> **What this task involves**
Every line from the one with "Údená čili BBQ omáčka pri servírovaní" to the end of the listing, and nothing else, is to be printed exactly; please leave the pictures out.

> **Data records**
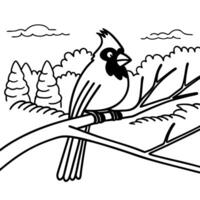 Cardinal perched on branch in woodland sketch black and white nature illustration with trees and clouds vector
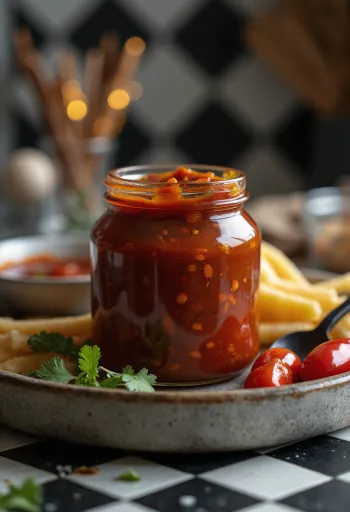 Údená čili BBQ omáčka pri servírovaní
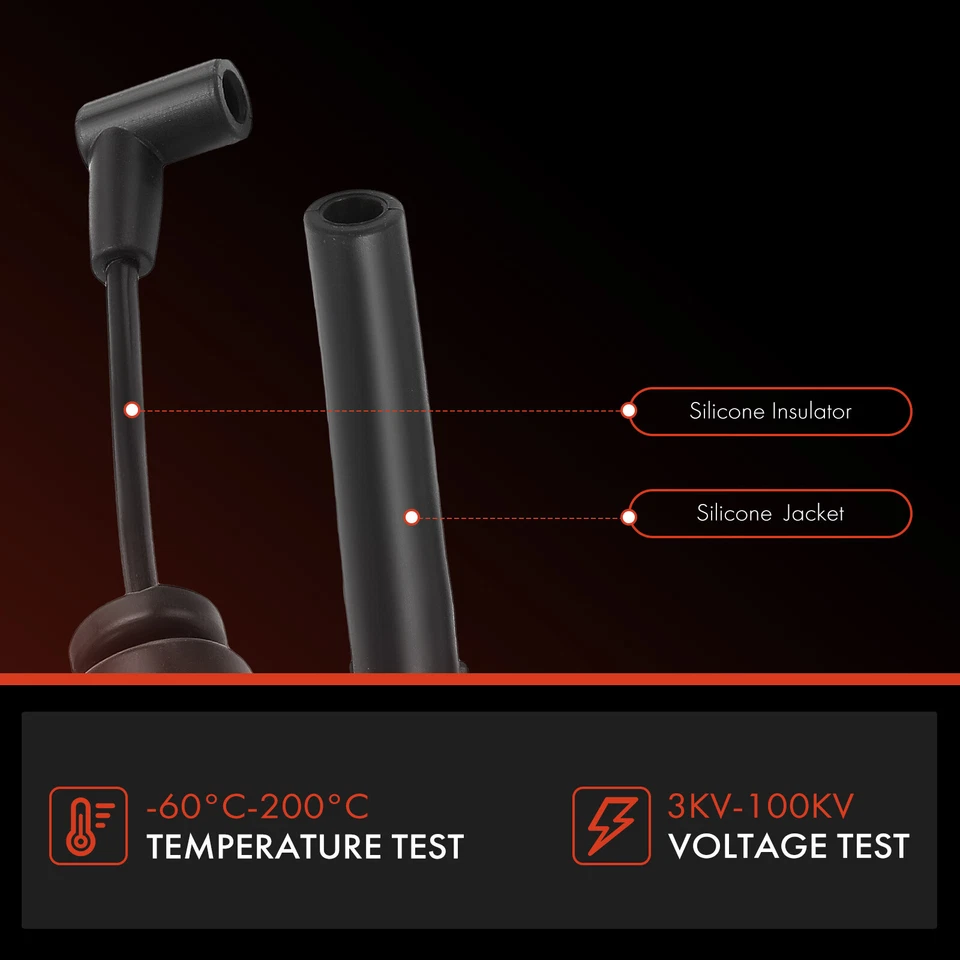 Juegos de 4 cables de bujías para Jeep Wrangler 2003-2006 Liberty 2002-2005 L4 2,4 L Foto 4 de 4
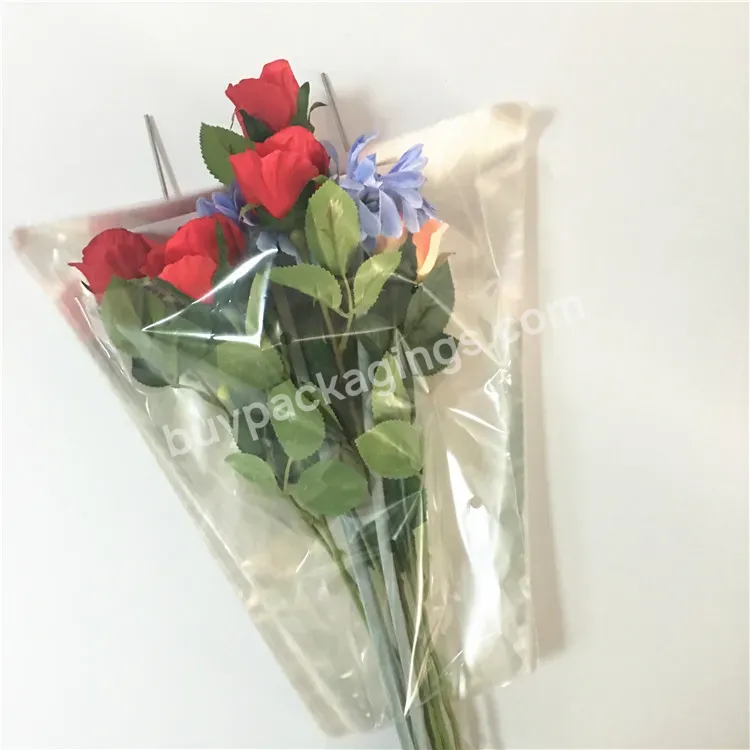 Fresh Flower Sleeve Customized Logo Printing Wicket Automatic Triangle Cone Shaped Plastic Bags Cone Bag Packaging For Herbs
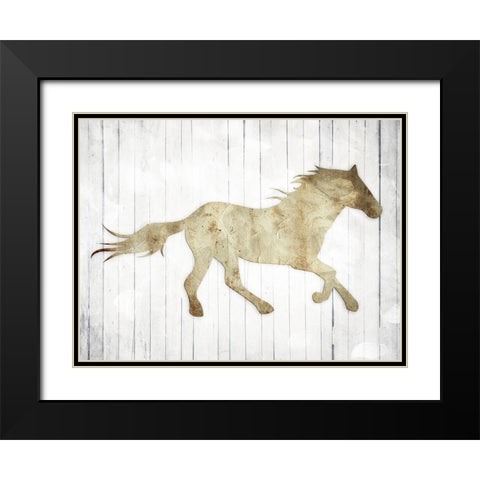 Icon Horse Black Modern Wood Framed Art Print with Double Matting by Villa, Mlli
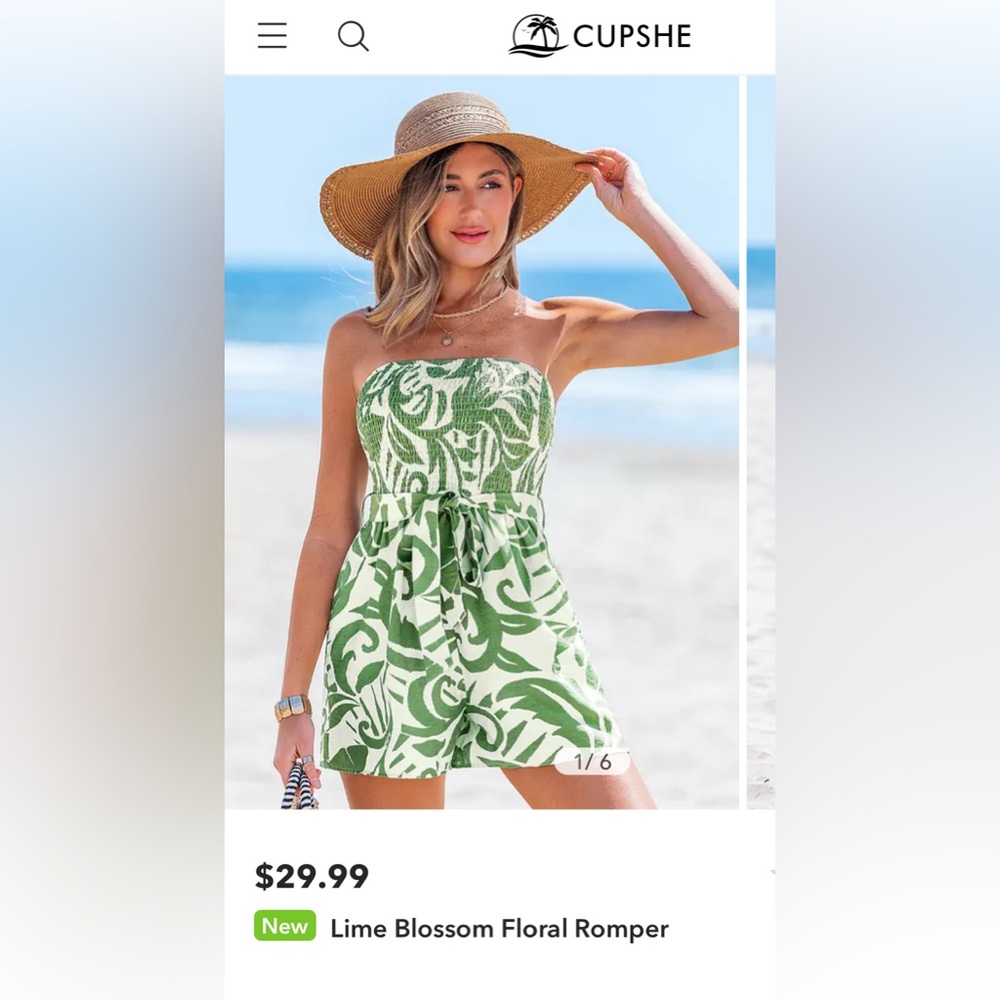 Cupshe Green and White Tropical Jumpsuit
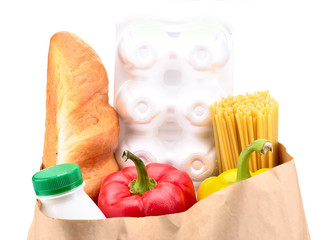 paper bag with food isolated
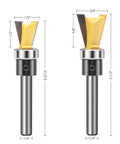 Weekend Warrior Approved Dovetail Router Bit Set Two Piece Pack with quarter inch shank and 5/8 inch cutting head.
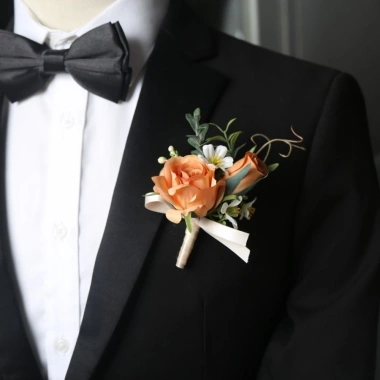 HYCEO Boutonnieres hoa hồng lụa thủ công - Corsage cổ tay, phụ kiện đám cưới cô dâu & phù dâu 9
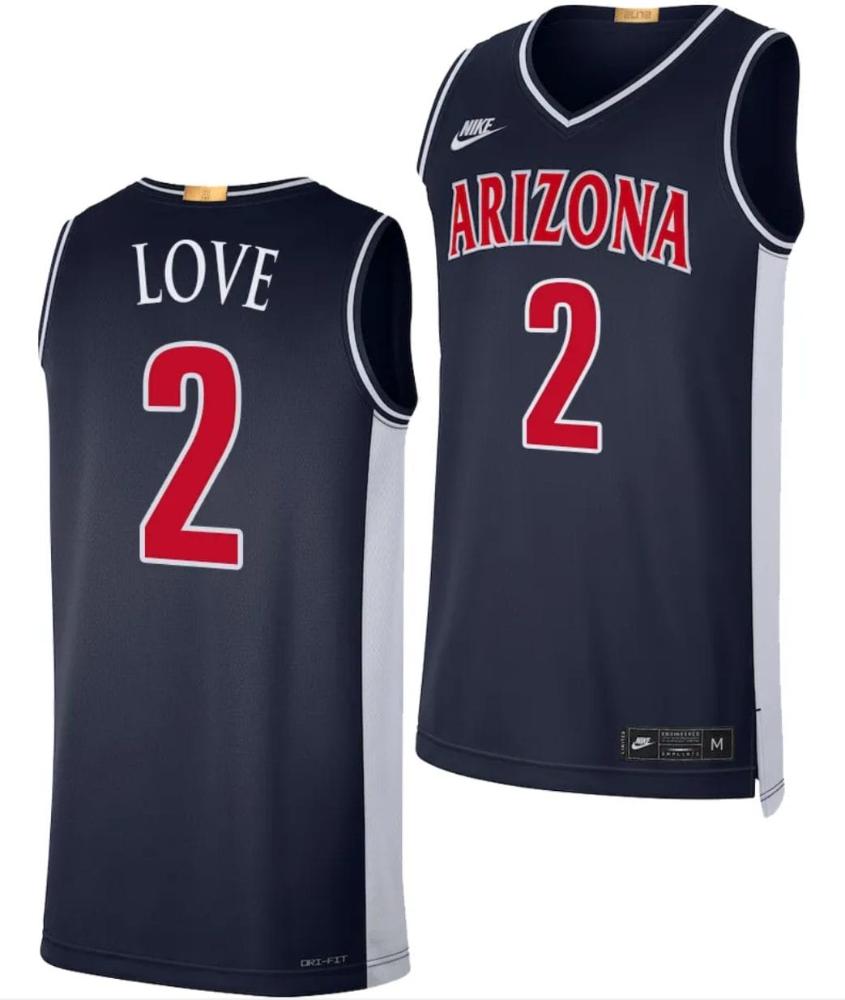Arizona Wildcats Caleb Love Jersey 2 Limited Retro Basketball 2023 24 Navy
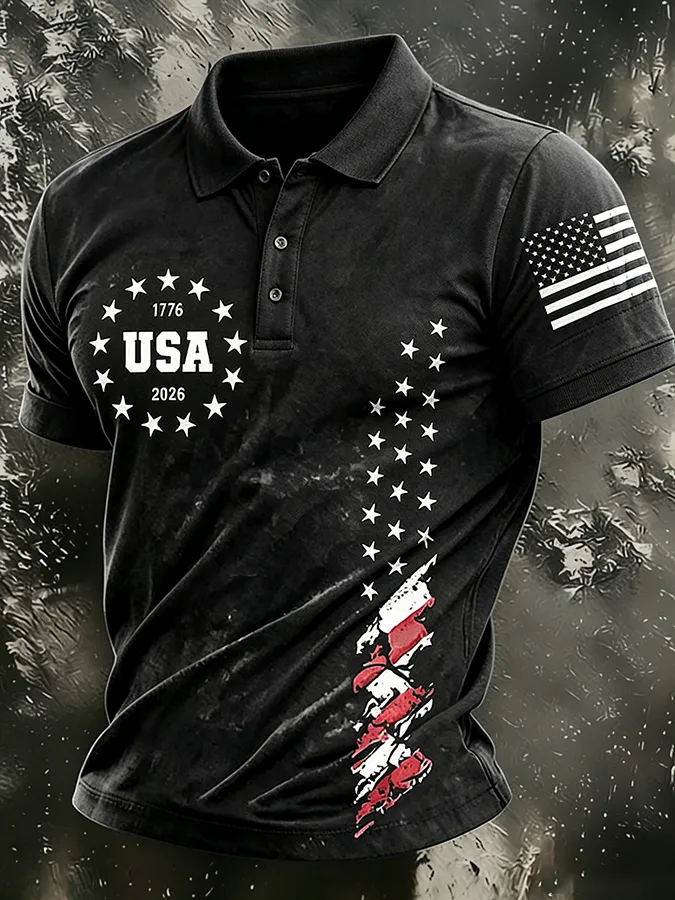 Men'S American Flag Print Casual Polo Shirt
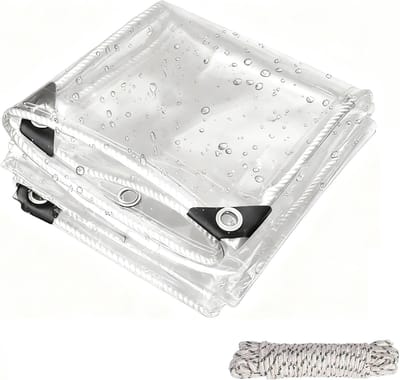 Terraszeil PVC - Afdekzeil Waterdicht - Bescherming Tuinmeubelen - Scheurvast UV-Bestendig - 70 x 130 cm - Transparant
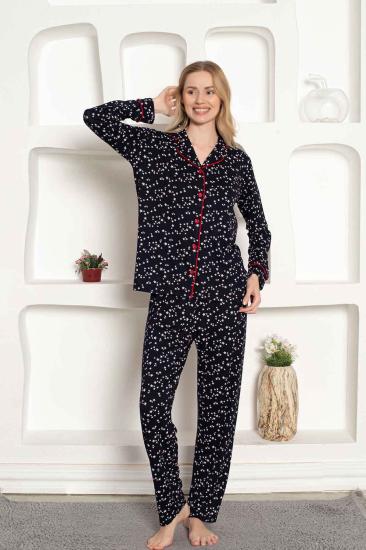 Kadın Pijama Takımı - Yıldız Desenli Önden Düğmeli Uzun Kollu Penye 2536UY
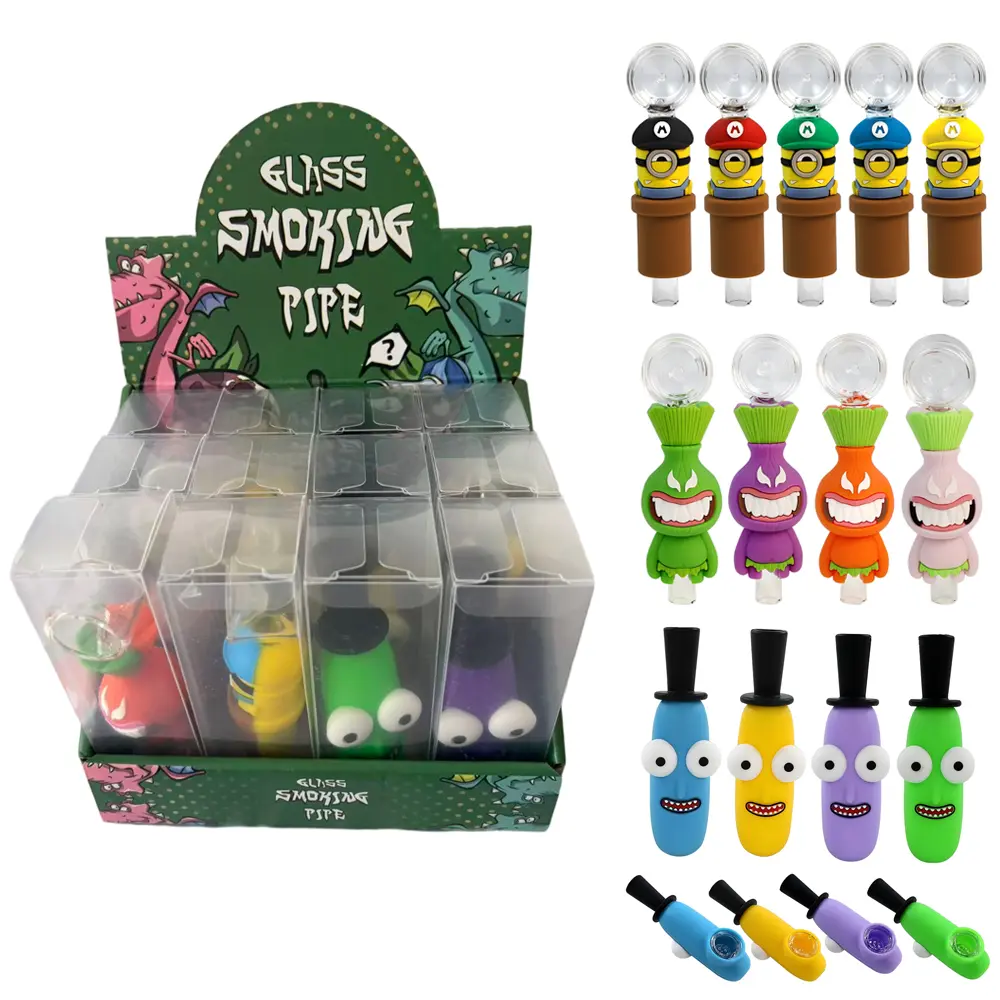 [T-1446-02] Hand Pipe Silicone With Glass 3Design Mix 12Pcs/Display (Design 2)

> **Output below**
 Údená čili BBQ omáčka pri servírovaní
 Juegos de 4 cables de bujías para Jeep Wrangler 2003-2006 Liberty 2002-2005 L4 2,4 L Foto 4 de 4
 Fresh Flower Sleeve Customized Logo Printing Wicket Automatic Triangle Cone Shaped Plastic Bags Cone Bag Packaging For Herbs
 Icon Horse Black Modern Wood Framed Art Print with Double Matting by Villa, Mlli
 Cupshe Green and White Tropical Jumpsuit
 paper bag with food isolated
 Weekend Warrior Approved Dovetail Router Bit Set Two Piece Pack with quarter inch shank and 5/8 inch cutting head.
 HYCEO Boutonnieres hoa hồng lụa thủ công - Corsage cổ tay, phụ kiện đám cưới cô dâu & phù dâu 9
Arizona Wildcats Caleb Love Jersey 2 Limited Retro Basketball 2023 24 Navy
 Men'S American Flag Print Casual Polo Shirt
 Terraszeil PVC - Afdekzeil Waterdicht - Bescherming Tuinmeubelen - Scheurvast UV-Bestendig - 70 x 130 cm - Transparant
 Kadın Pijama Takımı - Yıldız Desenli Önden Düğmeli Uzun Kollu Penye 2536UY
 [T-1446-02] Hand Pipe Silicone With Glass 3Design Mix 12Pcs/Display (Design 2)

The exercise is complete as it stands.